Si è pertanto rilevata la sussistenza del limite alla reiterazione della medesima istanza, la cui proposizione è esclusa dalla preclusione processuale sovente definita come giudicato esecutivo.
La pronuncia del giudice dell’esecuzione di rigetto di una determinata istanza preclude la riproposizione della medesima domanda, che non sia fon,data su
elementi nuovi e diversi (ad esempio, in tema di continuazione, Sez. 1, n. 36337 del 16/03/2016, COGNOME, Rv. 268562 – 01; Sez. 1, n. 12823 del 03/03/2011, COGNOME, Rv. 249913 – 01).
Naturalmente, il concetto giuridico di giudicato esecutivo si sostanzia in una preclusione processuale rebus sic stantibus, di guisa che la sopravvenienza e anche la nuova deduzione, prima non effettuata, di un ulteriore elemento, di fatto o di diritto, idoneo a mutare il quadro valutativo costituiscono fatti idonei a superare la relativa barriera: sempe a titolo esemplificativo, si ribadisce che il mutamento di giurisprudenza intervenuto con decisione delle Sezioni Unite, adottata sulla base di un’interpretazione conforme a principi costituzionali o sovranazionali, integra un nuovo elemento di diritto idoneo a superare la preclusione integrante il giudicato esecutivo (Sez. 1, n. 30569 del 07/03/2019, COGNOME, Rv. 276604 – 01).
Nel caso in esame, la seconda istanza è risultata essere stata effettivamente l’esito di una mera reiterazione deduttiva, in assenza di elementi nuovi, di fatto o di diritto, idonei a far emergere un’apprezzabile diversità del thema decidendum oggetto del nuovo procedimento.
Pertanto, essa è stata correttamente dichiarata inammissibile con decreto reso inaudita altera parte, ai sensi dell’art. 666, comma 2, cod. proc. pen.
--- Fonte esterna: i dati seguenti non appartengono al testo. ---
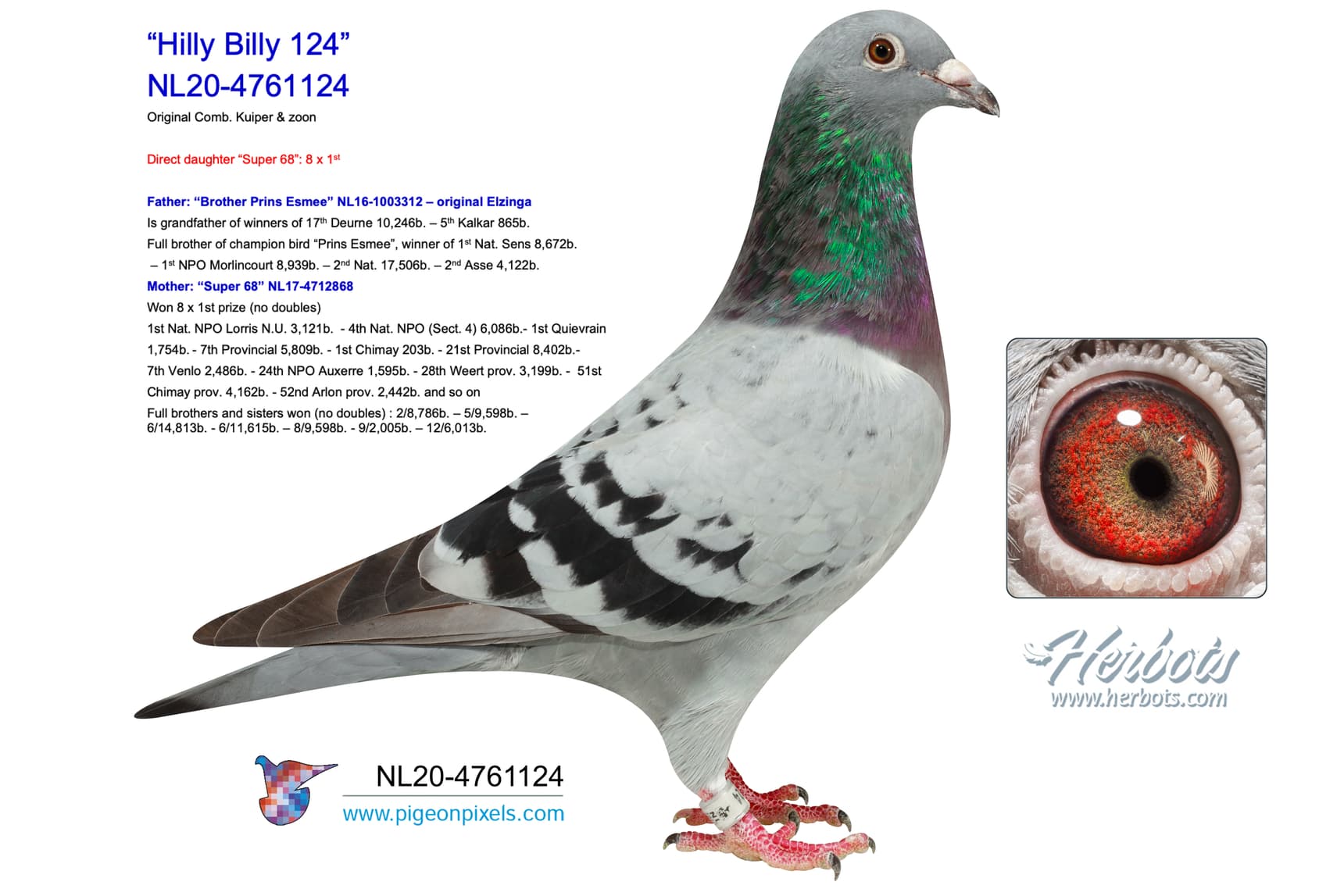pigeon: “Hilly Billy 124”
Il ricorso avverso il suddetto provvedimento, che ha sostenuto l’assunto contrario in modo aspecifico e infondato in modo manifesto, è da ritenersi, quindi, a sua volta, inammissibile.
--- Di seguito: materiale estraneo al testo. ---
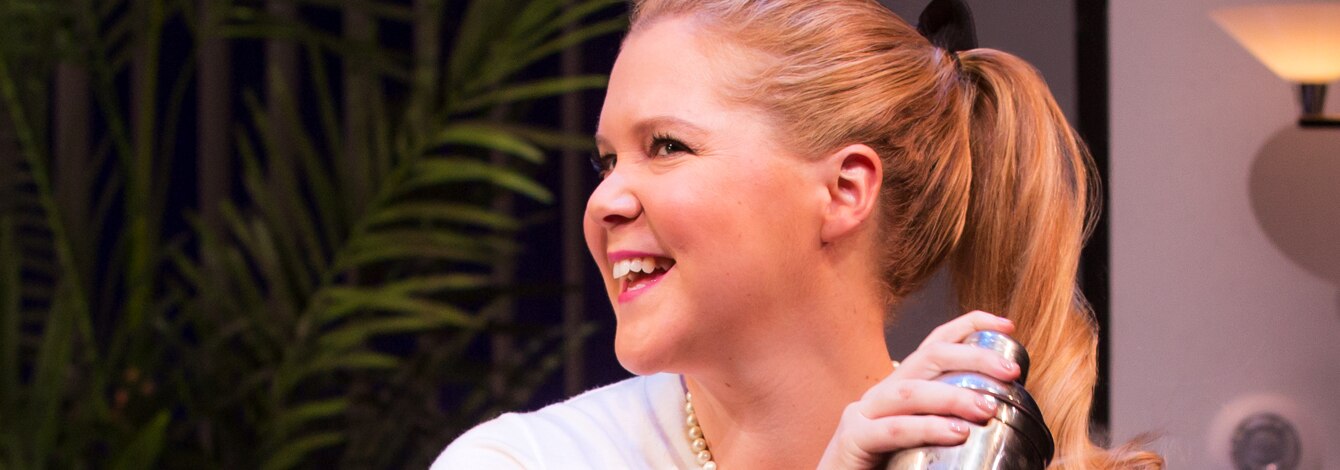 Meteor Shower Amy Schumer Broadway Show Tickets Group Sales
Consegue, ai sensi dell’art. 616 cod. proc. pen., la condanna del ricorrente al pagamento delle spese del procedimento e – per i profili di colpa correlati all’irritualità dell’impugnazione (Corte cost., sent. n. 186 del 2000) – di una somma in favore della Cassa delle ammende nella misura che, in ragione dell’insieme delle questioni dedotte, si stima equo determinare in euro tremila.
P.Q.M.
Dichiara inammissibile il ricorso e condanna il ricorrente al pagamento delle spese processuali e della somma di euro tremila in favore della Cassa delle ammende.